=== PROBLEM REQUIREMENTS ===
For this exercise, repeat the whole listing below exactly. Leave the pictures out.

=== DATASET ENTRIES ===

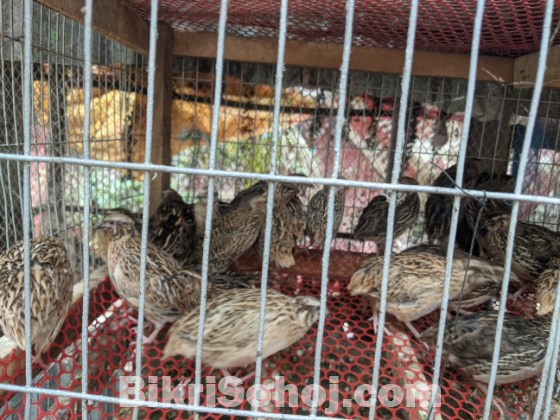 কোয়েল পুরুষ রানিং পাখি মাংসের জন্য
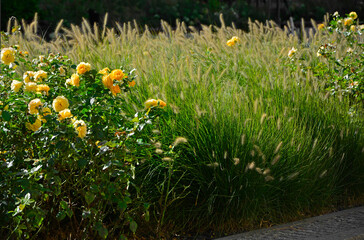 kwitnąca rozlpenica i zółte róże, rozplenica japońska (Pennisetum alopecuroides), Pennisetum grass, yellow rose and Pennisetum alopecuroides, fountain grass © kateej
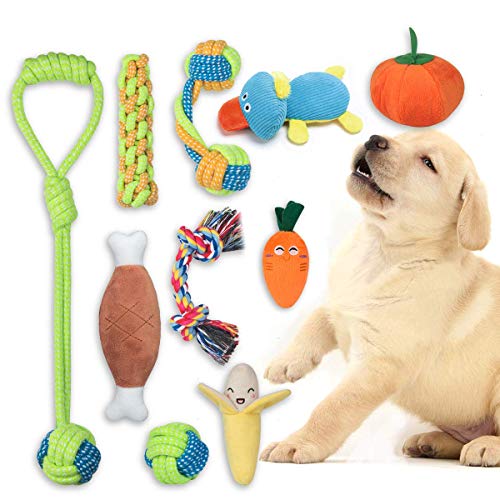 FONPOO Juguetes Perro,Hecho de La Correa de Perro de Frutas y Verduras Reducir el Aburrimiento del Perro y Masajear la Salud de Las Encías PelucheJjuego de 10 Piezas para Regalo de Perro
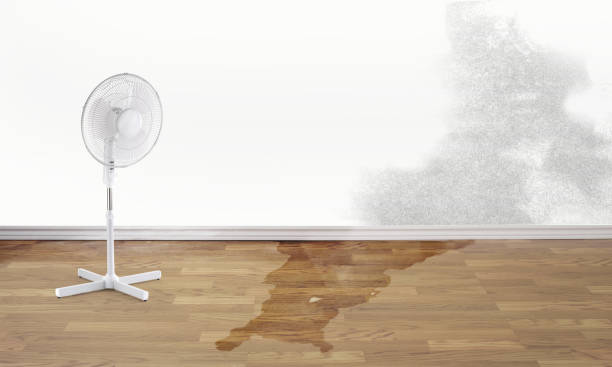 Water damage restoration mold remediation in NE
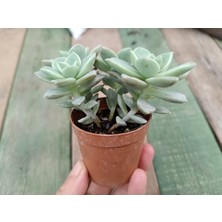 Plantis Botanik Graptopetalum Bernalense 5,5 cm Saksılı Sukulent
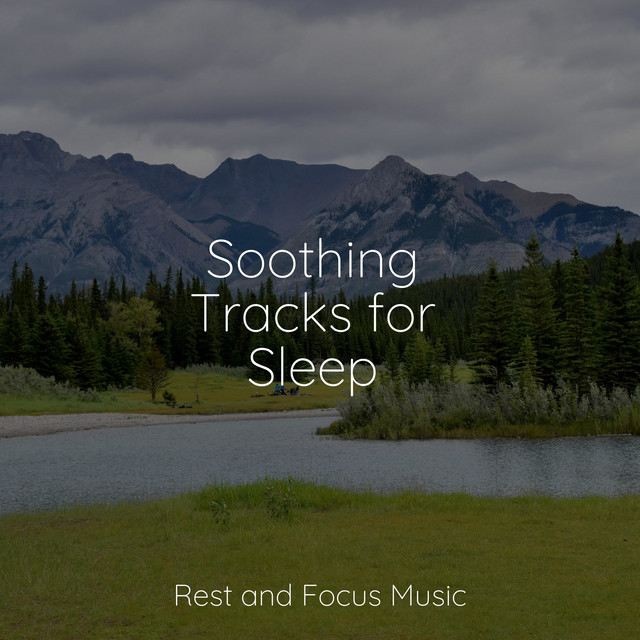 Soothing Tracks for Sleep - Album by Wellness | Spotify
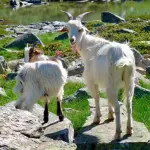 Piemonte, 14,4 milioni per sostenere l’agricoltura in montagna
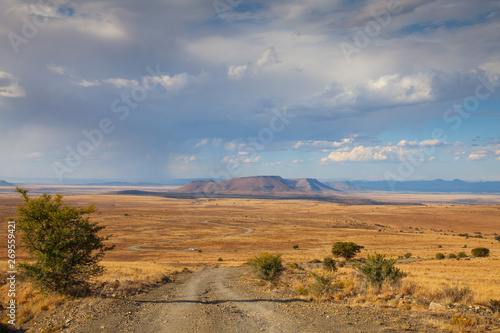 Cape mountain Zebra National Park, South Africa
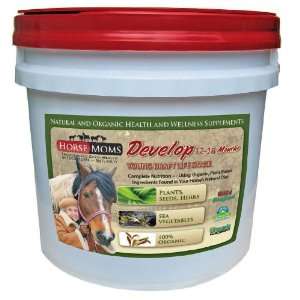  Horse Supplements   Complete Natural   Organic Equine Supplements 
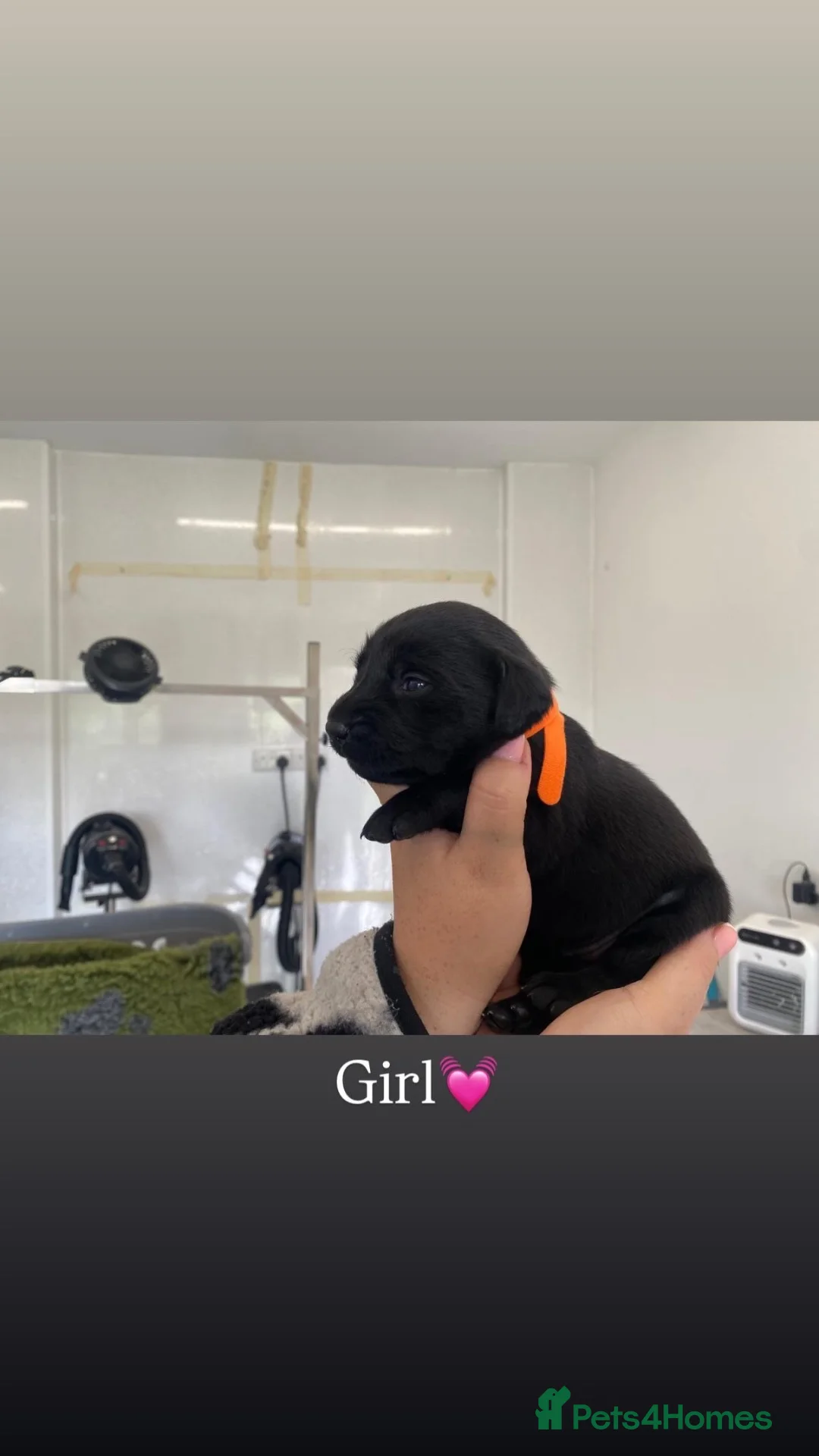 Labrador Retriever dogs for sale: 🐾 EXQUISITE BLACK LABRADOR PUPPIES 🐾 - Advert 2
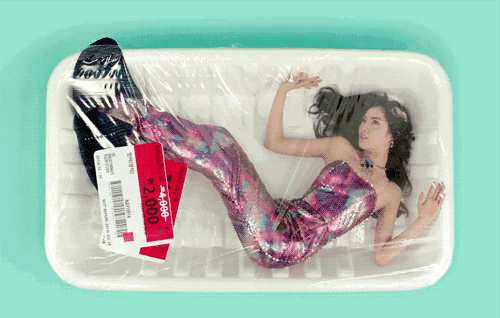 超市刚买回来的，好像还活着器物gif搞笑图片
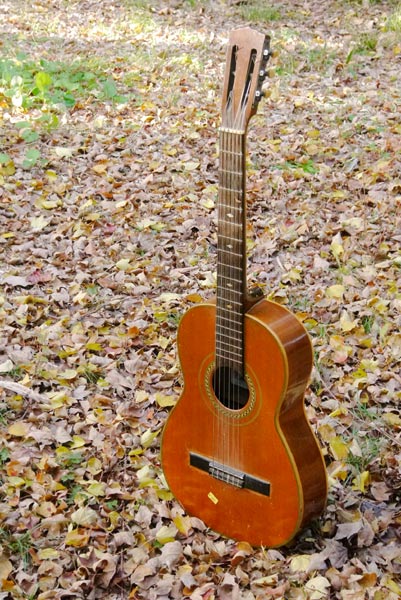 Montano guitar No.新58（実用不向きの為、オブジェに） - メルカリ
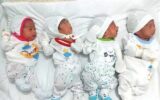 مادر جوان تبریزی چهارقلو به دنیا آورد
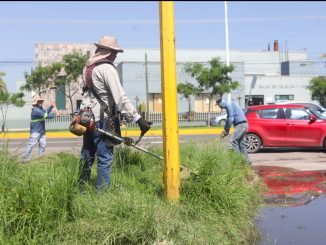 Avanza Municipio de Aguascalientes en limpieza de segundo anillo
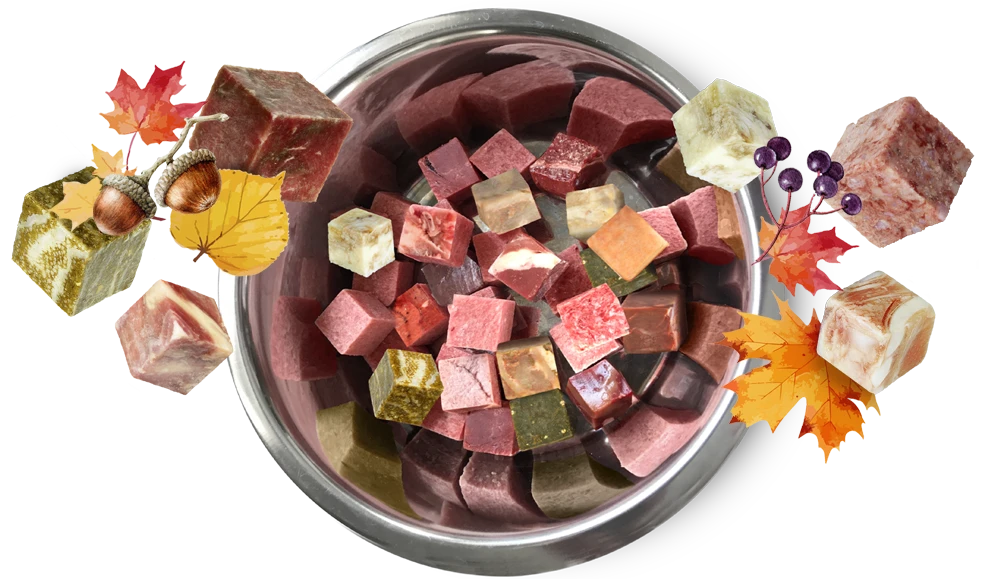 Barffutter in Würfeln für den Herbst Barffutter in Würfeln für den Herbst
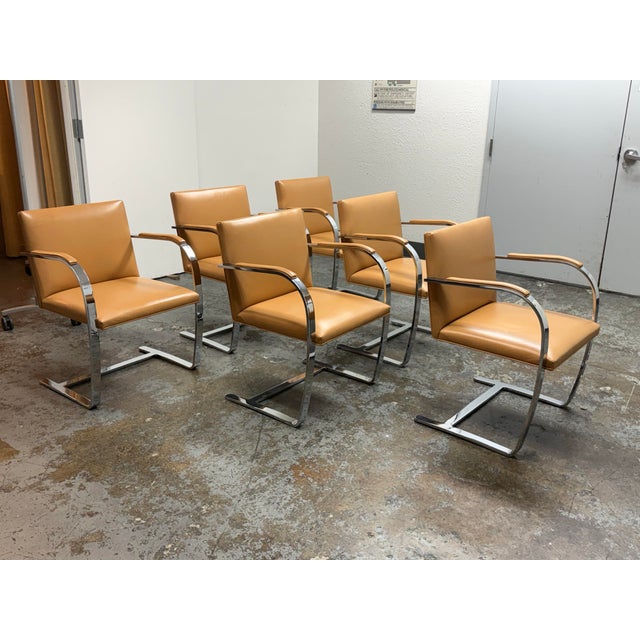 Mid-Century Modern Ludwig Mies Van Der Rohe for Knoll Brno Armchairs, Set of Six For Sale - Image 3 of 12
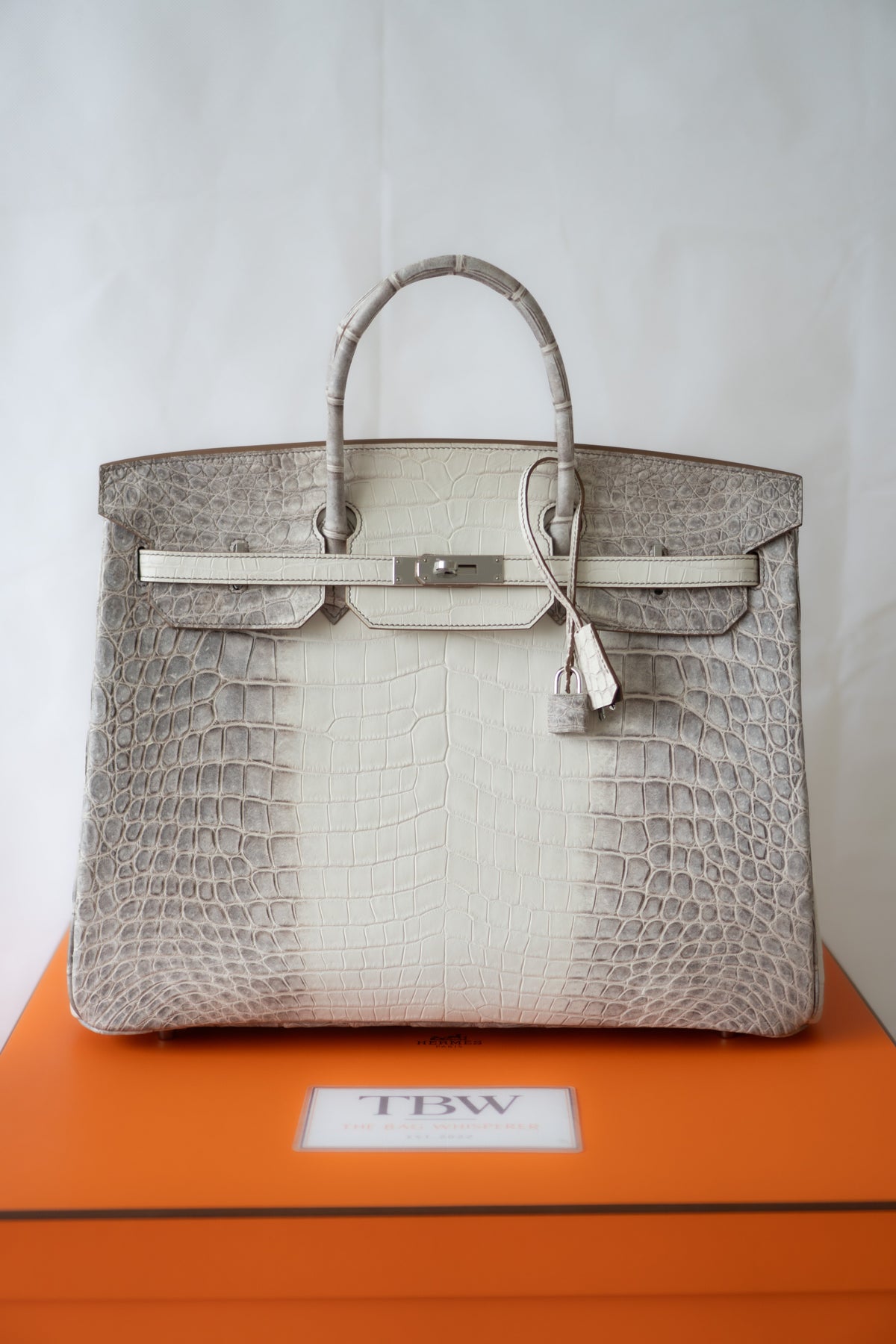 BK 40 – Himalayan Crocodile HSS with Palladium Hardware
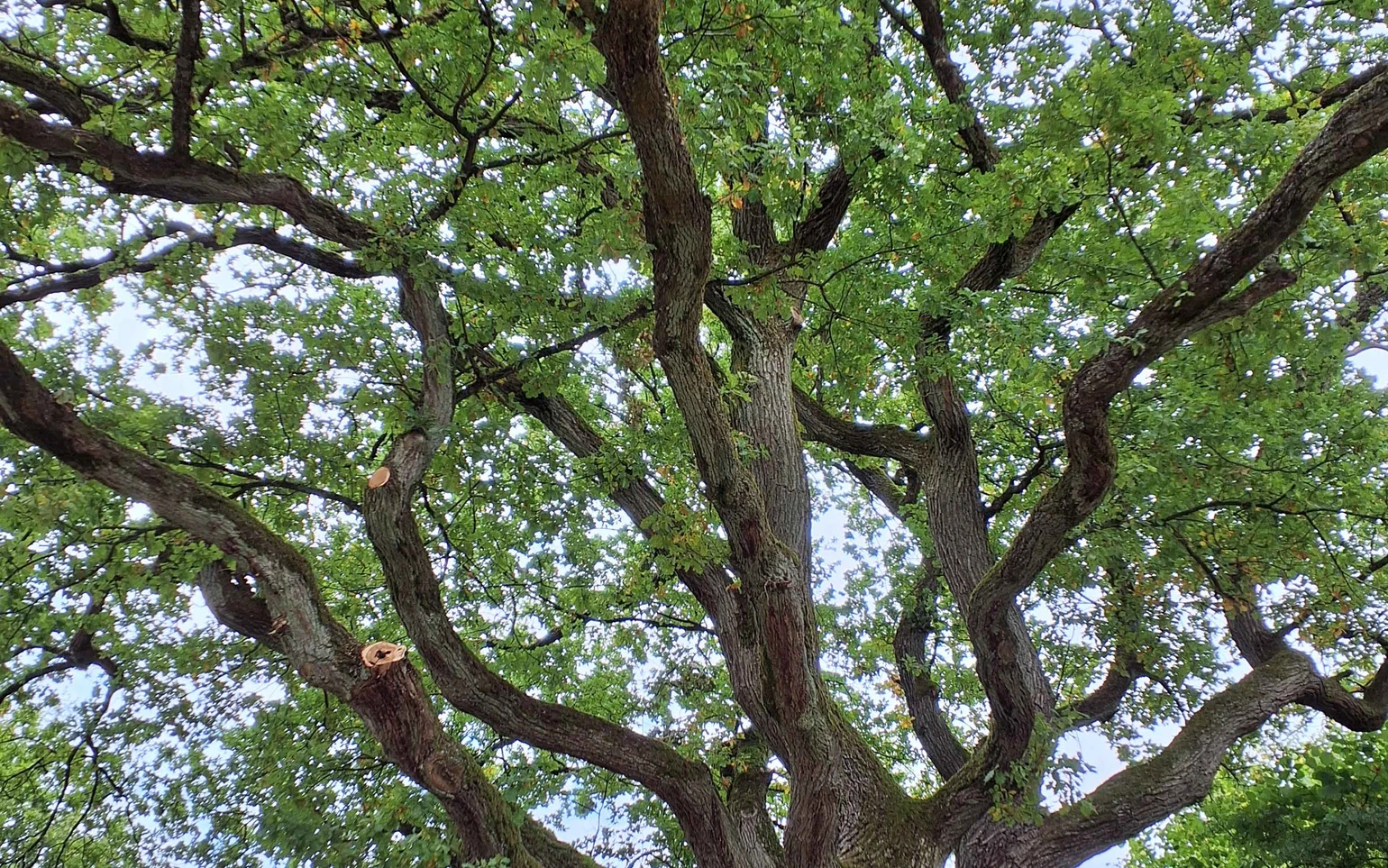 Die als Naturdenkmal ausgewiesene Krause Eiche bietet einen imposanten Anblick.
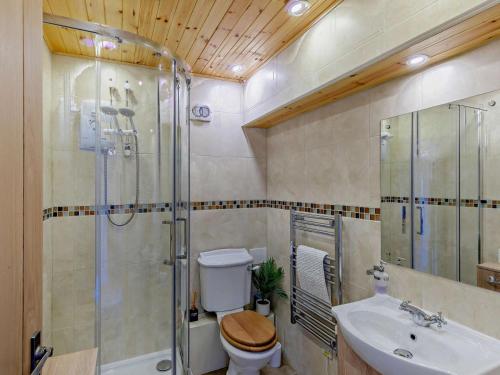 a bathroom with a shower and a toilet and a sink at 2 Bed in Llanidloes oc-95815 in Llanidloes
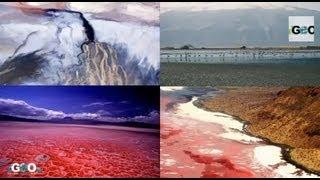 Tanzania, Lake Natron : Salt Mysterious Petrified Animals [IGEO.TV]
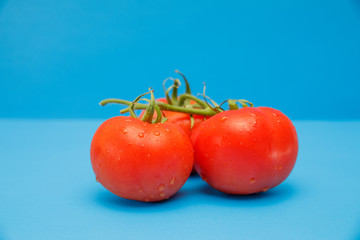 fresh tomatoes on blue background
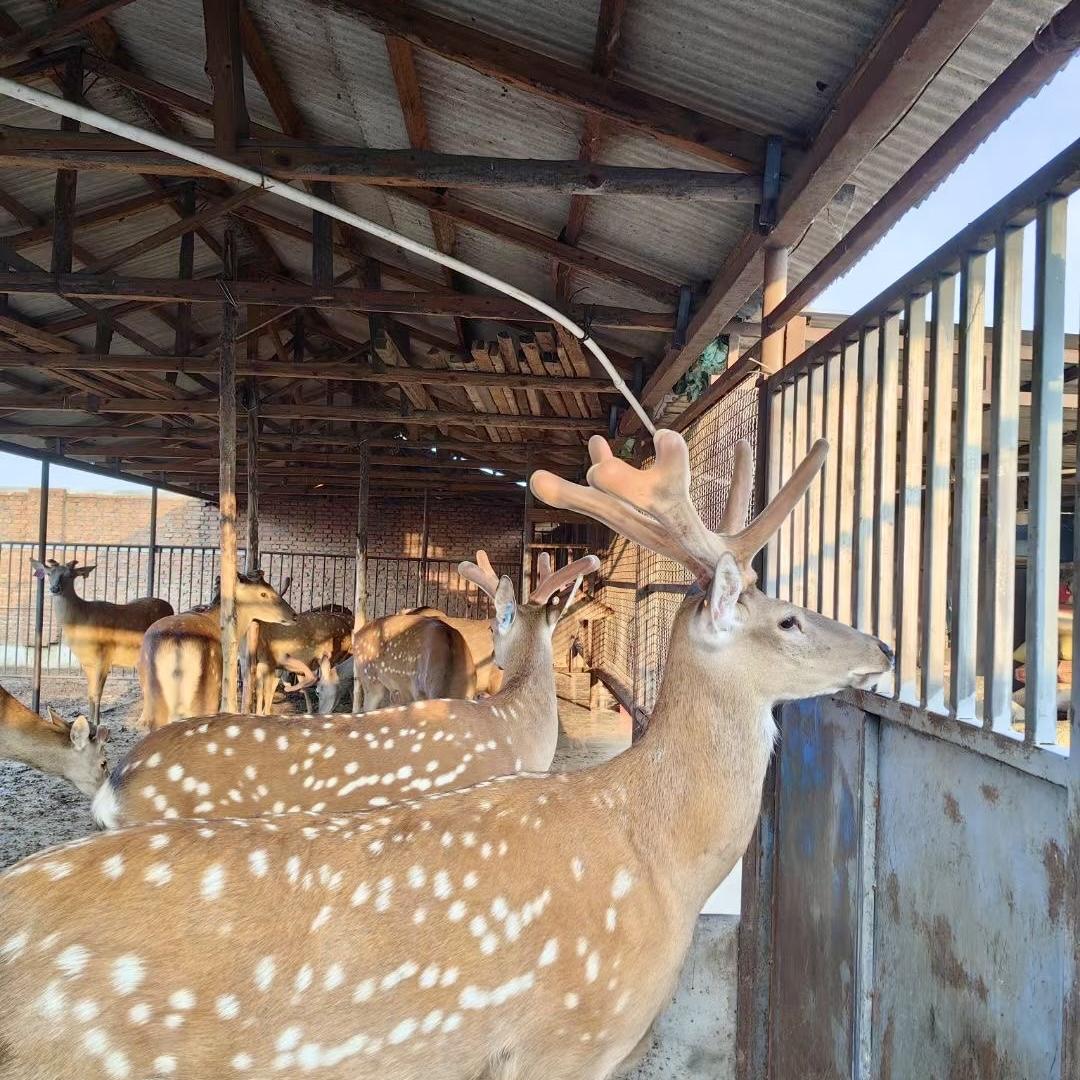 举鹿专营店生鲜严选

=== ANSWER FOR THIS EXERCISE ===
 কোয়েল পুরুষ রানিং পাখি মাংসের জন্য
 kwitnąca rozlpenica i zółte róże, rozplenica japońska (Pennisetum alopecuroides), Pennisetum grass, yellow rose and Pennisetum alopecuroides, fountain grass © kateej
 FONPOO Juguetes Perro,Hecho de La Correa de Perro de Frutas y Verduras Reducir el Aburrimiento del Perro y Masajear la Salud de Las Encías PelucheJjuego de 10 Piezas para Regalo de Perro
 Water damage restoration mold remediation in NE
 Plantis Botanik Graptopetalum Bernalense 5,5 cm Saksılı Sukulent
 Soothing Tracks for Sleep - Album by Wellness | Spotify
 Piemonte, 14,4 milioni per sostenere l’agricoltura in montagna
 Cape mountain Zebra National Park, South Africa
  Horse Supplements   Complete Natural   Organic Equine Supplements 
 Labrador Retriever dogs for sale: 🐾 EXQUISITE BLACK LABRADOR PUPPIES 🐾 - Advert 2
 超市刚买回来的，好像还活着器物gif搞笑图片
 Montano guitar No.新58（実用不向きの為、オブジェに） - メルカリ
 مادر جوان تبریزی چهارقلو به دنیا آورد
 Avanza Municipio de Aguascalientes en limpieza de segundo anillo
 Barffutter in Würfeln für den Herbst Barffutter in Würfeln für den Herbst
 Mid-Century Modern Ludwig Mies Van Der Rohe for Knoll Brno Armchairs, Set of Six For Sale - Image 3 of 12
 BK 40 – Himalayan Crocodile HSS with Palladium Hardware
 Die als Naturdenkmal ausgewiesene Krause Eiche bietet einen imposanten Anblick.
 a bathroom with a shower and a toilet and a sink at 2 Bed in Llanidloes oc-95815 in Llanidloes
 Tanzania, Lake Natron : Salt Mysterious Petrified Animals [IGEO.TV]
 fresh tomatoes on blue background
 举鹿专营店生鲜严选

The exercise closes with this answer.